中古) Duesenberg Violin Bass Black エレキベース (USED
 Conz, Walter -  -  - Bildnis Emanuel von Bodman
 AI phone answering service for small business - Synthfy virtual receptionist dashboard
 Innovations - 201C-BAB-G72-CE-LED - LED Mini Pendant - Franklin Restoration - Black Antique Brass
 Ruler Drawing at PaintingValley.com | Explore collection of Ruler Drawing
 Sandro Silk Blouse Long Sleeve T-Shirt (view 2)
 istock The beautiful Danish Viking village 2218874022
---+---
» **Task objective**:
Repeat the material above precisely.

» **Task result**:
中古) Duesenberg Violin Bass Black エレキベース (USED
 Conz, Walter -  -  - Bildnis Emanuel von Bodman
 AI phone answering service for small business - Synthfy virtual receptionist dashboard
 Innovations - 201C-BAB-G72-CE-LED - LED Mini Pendant - Franklin Restoration - Black Antique Brass
 Ruler Drawing at PaintingValley.com | Explore collection of Ruler Drawing
 Sandro Silk Blouse Long Sleeve T-Shirt (view 2)
 istock The beautiful Danish Viking village 2218874022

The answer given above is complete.